GEOMAR Centre for Marine Biotechnology (GEOMAR-Biotech), Research Unit Marine Natural Products Chemistry, GEOMAR Helmholtz Centre for Ocean Research Kiel, Am Kiel-Kanal 44, 24106 Kiel, Germany.
Centro Interdisciplinar de Química e Bioloxía (CICA), Facultade de Ciencias, Universidade de Coruña, 15071 Coruna, Spain.
Mar Drugs. 2023 Jan 28;21(2):95. doi: 10.3390/md21020095.
Despite low temperatures, poor nutrient levels and high pressure, microorganisms thrive in deep-sea environments of polar regions. The adaptability to such extreme environments renders deep-sea microorganisms an encouraging source of novel, bioactive secondary metabolites. In this study, we isolated 77 microorganisms collected by a remotely operated vehicle from the seafloor in the Fram Strait, Arctic Ocean (depth of 2454 m). Thirty-two bacteria and six fungal strains that represented the phylogenetic diversity of the isolates were cultured using an One-Strain-Many-Compounds (OSMAC) approach. The crude EtOAc extracts were tested for antimicrobial and anticancer activities. While antibacterial activity against methicillin-resistant (MRSA) and was common for many isolates, only two bacteria displayed anticancer activity, and two fungi inhibited the pathogenic yeast . Due to bioactivity against and rich chemical diversity based on molecular network-based untargeted metabolomics, PS108-62 was selected for an in-depth chemical investigation. A chemical work-up of the SPE-fractions of its dichloromethane subextract led to the isolation of a new PKS-NRPS hybrid macrolactone, versicolide A (), a new quinazoline (-)-isoversicomide A (), as well as three known compounds, burnettramic acid A (), cyclopenol () and cyclopenin (). Their structures were elucidated by a combination of HRMS, NMR, [α], FT-IR spectroscopy and computational approaches. Due to the low amounts obtained, only compounds and could be tested for bioactivity, with inhibiting the growth of (IC 7.2 µg/mL).

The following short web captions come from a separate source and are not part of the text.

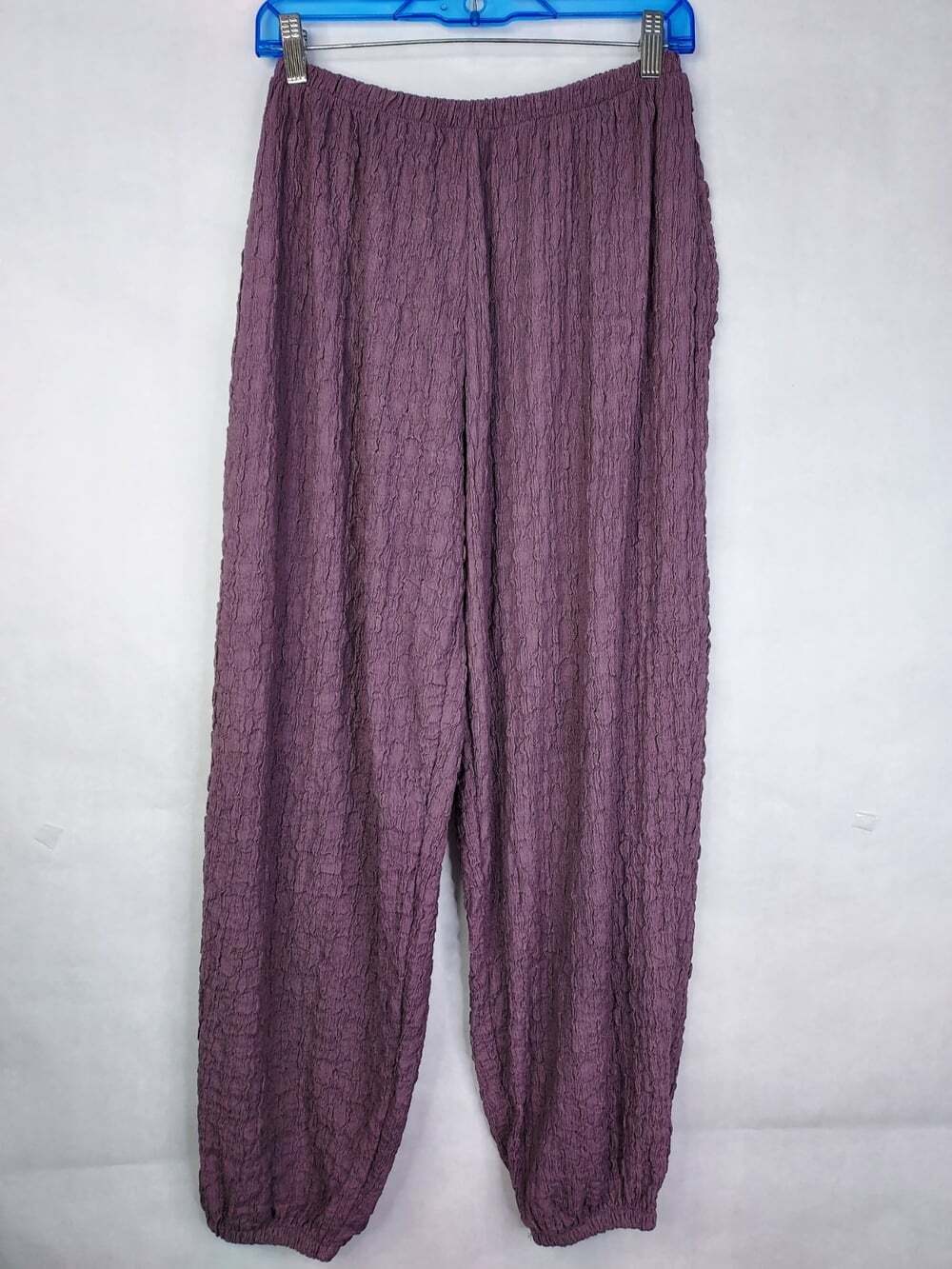 ZARA Textured Crepe Harem Pants Women's M Elastic Waist Purple Boho Festival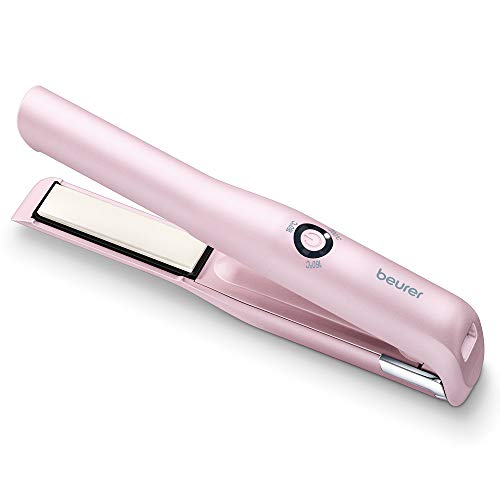 Beurer HS20 Plancha cabello sin cable, compacta, para viajar, revestimiento de cerámica, 3 nivelas temperatura, pantalla LED, sistema calentamiento rápido, batería litio, rosa claro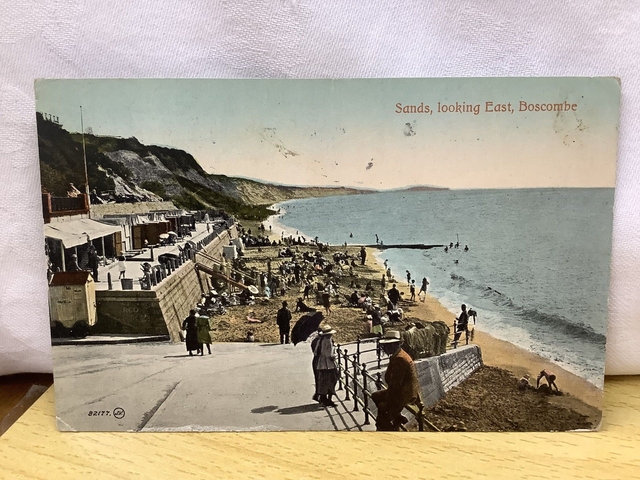 Sands, looking East, Boscombe, Dorset, Posted 1921 Valentine&#039;s Series Postcard. Our Ref No. R682 £2.50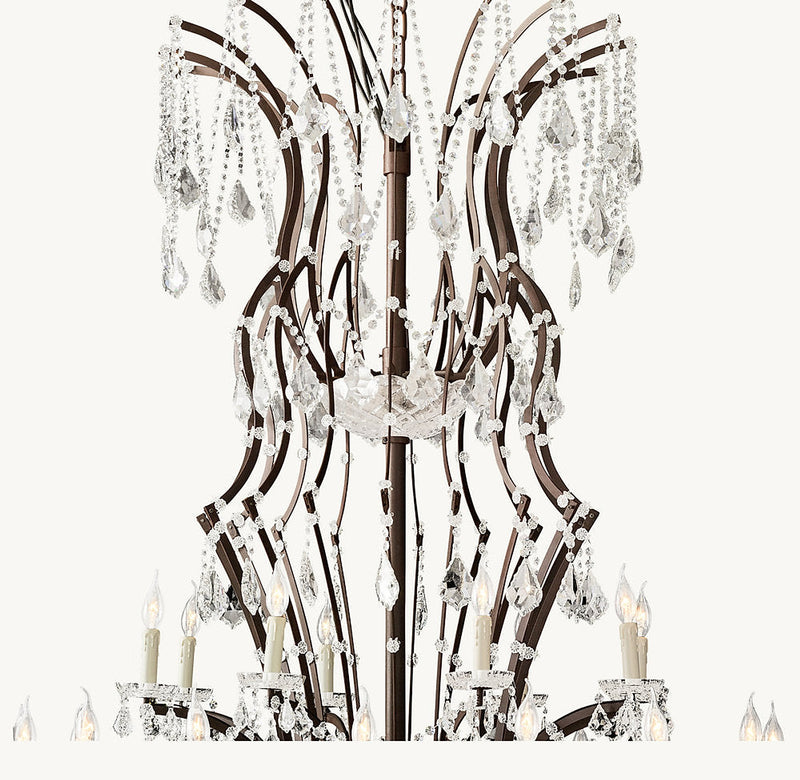 IRON & CRYSTAL ROUND CHANDELIER-DWHOME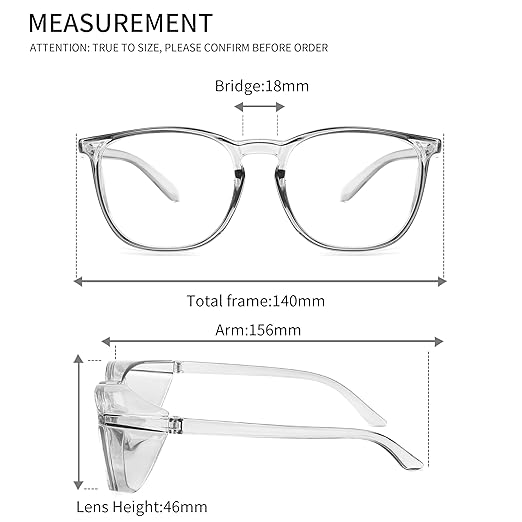 Alsenor Safety Glasses Anti Fog Goggles Protective Eyewear Blue Light Blocking Anti Dust UV Protection Glasses For Men Women (2 Pack(grey+transparent))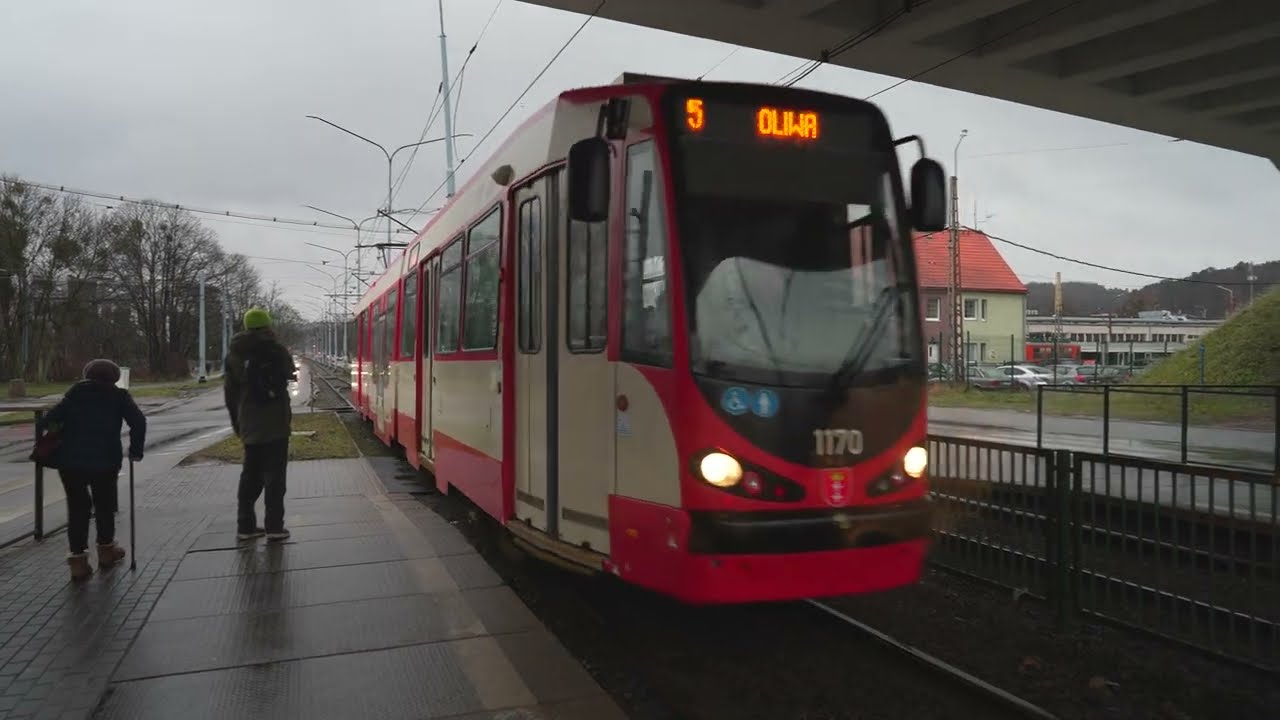 Poland, Gdańsk tram 5 ride from Strzyża railway station to Oliwa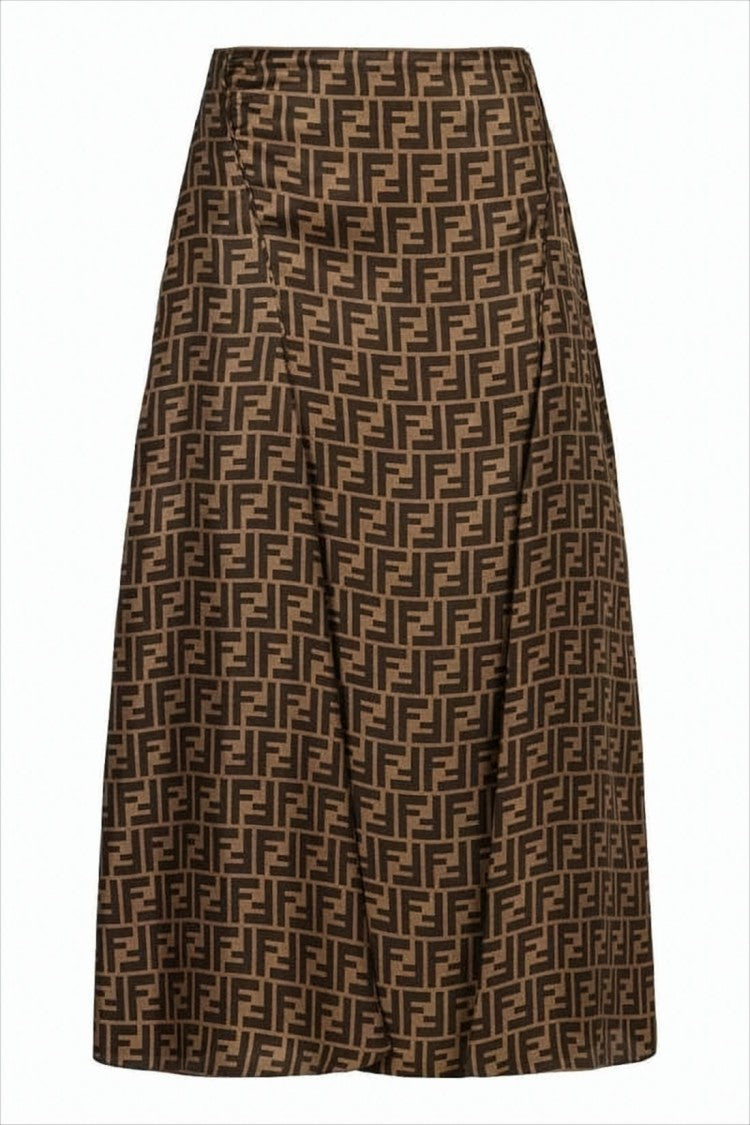 A-Line Midi Skirt with Geometric Pattern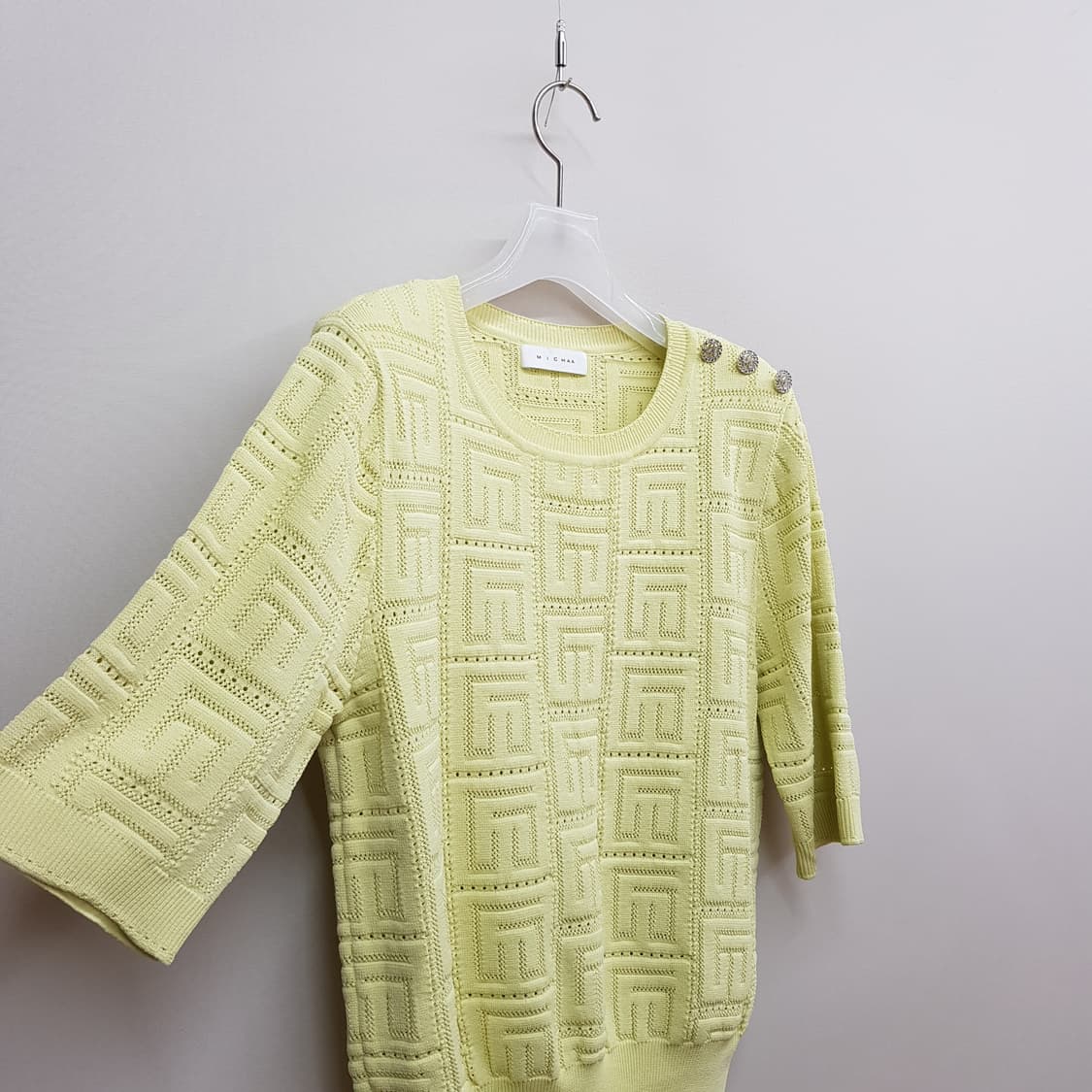 미샤(MICHAA) 2023 패턴 니트 반팔 탑 M사이즈 상품이미지3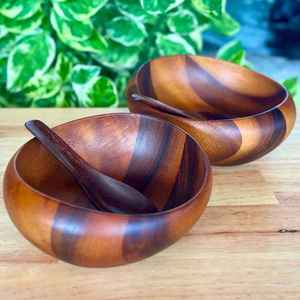 Ensemble de saladiers en bois d'acacia massif naturel, assiettes rondes en bois pour servir les fruits, les légumes, les pâtes, vaisselle de cuisine, vaisselle de table - Product Image 6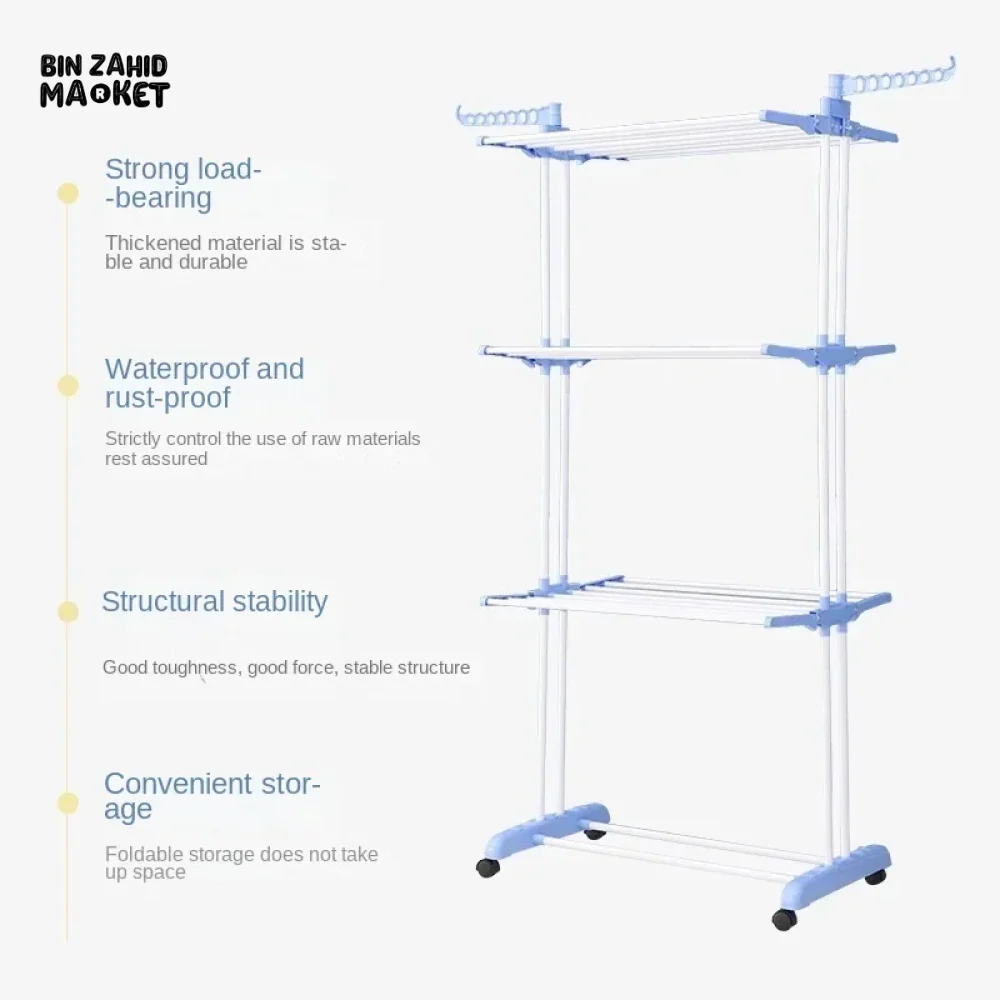 PREMIUM FOLDABLE STAINLESS STEEL DRYING RACK FOR LARGE CLOTHES SPACE-SAVING LAUNDRY DRYER WITH STURDY BASE - Image 4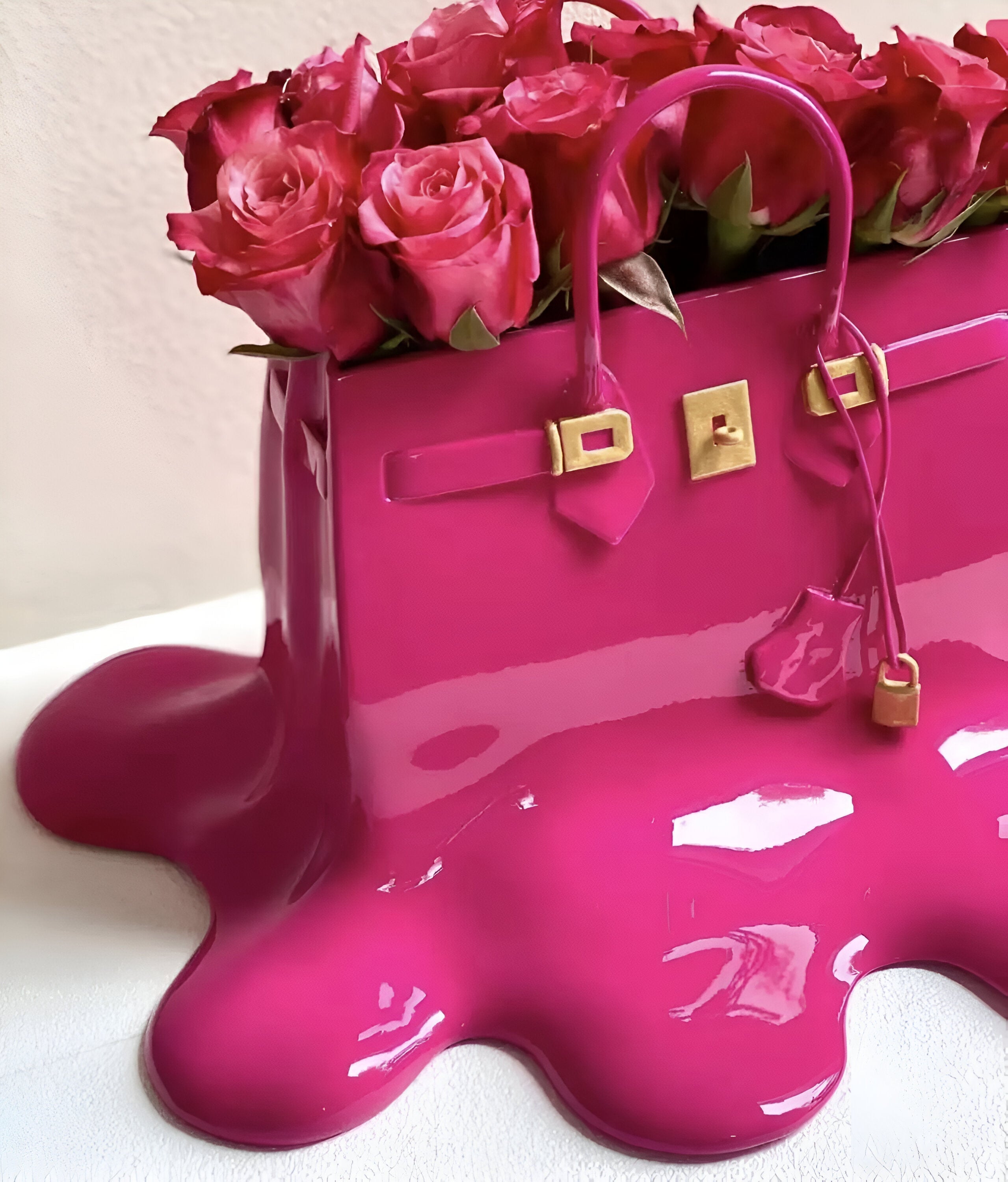 Melantha - Vaso Elegante in Resina con Silhouette di Borsa
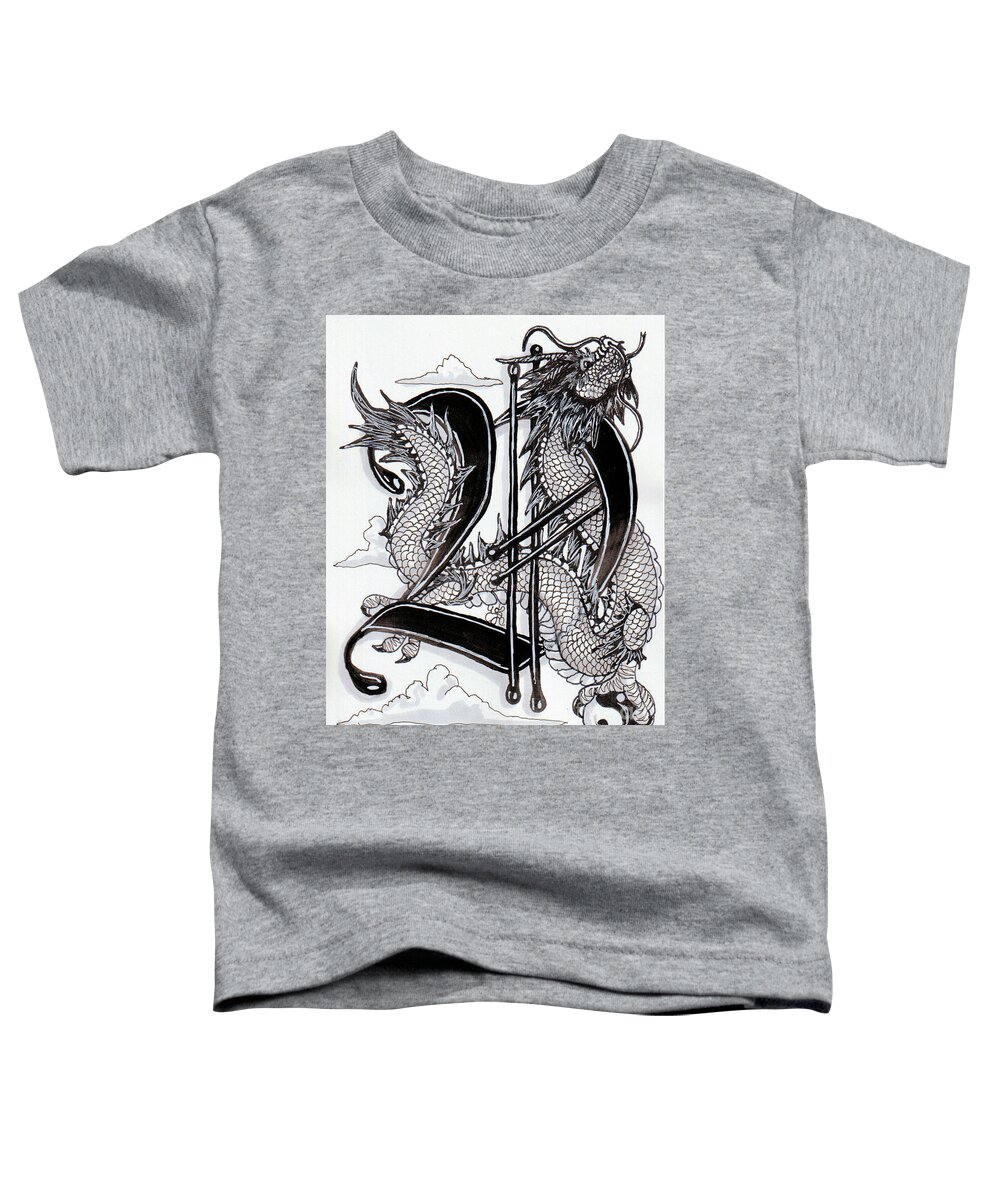 Dragon Toddler T-Shirt featuring the drawing D is for Dragon by Scarlett Royale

These findings highlight, on the one hand, the vast potential of the genus to produce novel chemistry, particularly from underexplored ecological niches such as the Arctic deep sea, and on the other, the importance of untargeted metabolomics for selection of marine extracts for downstream chemical investigations.
尽管温度低、营养水平低、压力大,但微生物在极地深海环境中仍能茁壮成长。它们对极端环境的适应性使深海微生物成为新型生物活性次生代谢物的有希望的来源。在这项研究中,我们从北极弗拉姆海峡海底(深度 2454 米)使用远程操作车辆采集了 77 种微生物,并对其进行了分离。采用单菌多化合物(OSMAC)方法培养了 32 株细菌和 6 株真菌菌株,以代表分离物的系统发育多样性。用粗 EtOAc 提取物进行了抗菌和抗癌活性测试。尽管许多分离物对耐甲氧西林金黄色葡萄球菌(MRSA)和 都具有抗菌活性,但只有两种细菌具有抗癌活性,两种真菌抑制了致病性酵母 。由于对 和丰富的化学多样性基于基于分子网络的非靶向代谢组学,选择 PS108-62 进行深入的化学研究。对其二氯甲烷亚提取物的 SPE 馏分进行化学处理,导致分离出一种新的 PKS-NRPS 杂合大环内酯 versicolide A (),一种新的喹唑啉(-)异versicomide A (),以及三种已知化合物,burnettramic acid A (),cyclopenol ()和 cyclopenin ()。通过 HRMS、NMR、[α]、FT-IR 光谱和计算方法的组合阐明了它们的结构。由于获得的量低,仅对化合物 和 进行了生物活性测试,化合物 抑制 (IC 7.2 µg/mL)的生长。这些发现一方面强调了属 的巨大潜力,可以产生新型化学物质,特别是来自北极深海等未充分探索的生态位,另一方面强调了非靶向代谢组学对于选择海洋提取物进行下游化学研究的重要性。